CVE-2026-21519 (CVSS 6.2) and CVE-2026-21533 both allow attackers to escalate their privileges on a system to administrator-level access.
CVE-2026-21525 (CVSS 6.2) in Windows Remote Access Connection Manager allows an attacker to trigger denial-of-service conditions locally. “An attacker with a foothold as a standard, non-admin user can run a small script that crashes the RAS manager service,” explained Ryan Braunstein, security manager at Automox, in a prepared statement. “The attack requires no elevated privileges and can be triggered after initial access through phishing or a malicious browser extension,” he noted. While the vulnerability does not enable any data theft or code execution, “its potential for disruption is significant,” Braunstein added.
The 59 bugs Microsoft disclosed this month is much lower than the 112 CVEs for January. But that doesn’t make it any less impactful. “The good news, there’s not a lot of CVEs to deal with; the bad news, there’s actually a lot to unpack here,” said Tyler Reguly, associate director of security R&D at Fortra, in prepared comments.

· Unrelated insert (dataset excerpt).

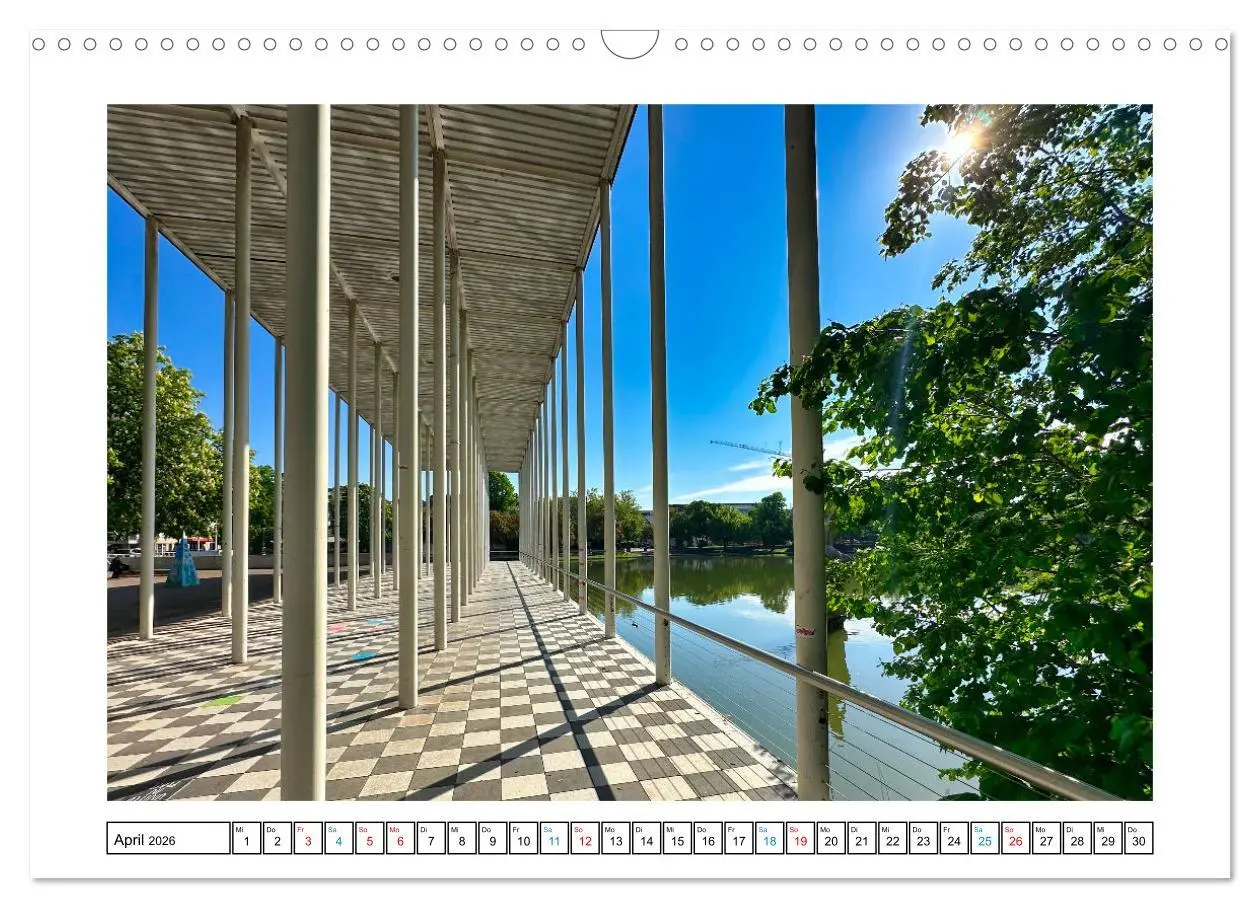 Bild: 9783457400883 | Böblingen und Schönbuch (Wandkalender 2026 DIN A3 quer), CALVENDO...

He pointed to 10 CVEs in Azure in particular as vulnerabilities that security teams should pay attention to, in addition to the bugs that attackers are already actively exploiting. “While three of these (CVE-2026-21532 [CVSS 8.2], CVE-2026-24300 [CVSS 9.8], and CVE-2026-24302 [CVSS 8.6]) are all marked as ‘No Customer Action Required,’ I’d stil want to ensure that there was no evidence of issues in my cloud — or cloud-adjacent — environments,” Reguly said in an emailed statement. “For the other seven CVEs, however, I’d hope that my team is looking closely at the variety of fixes that need to be performed to upgrade my environment.”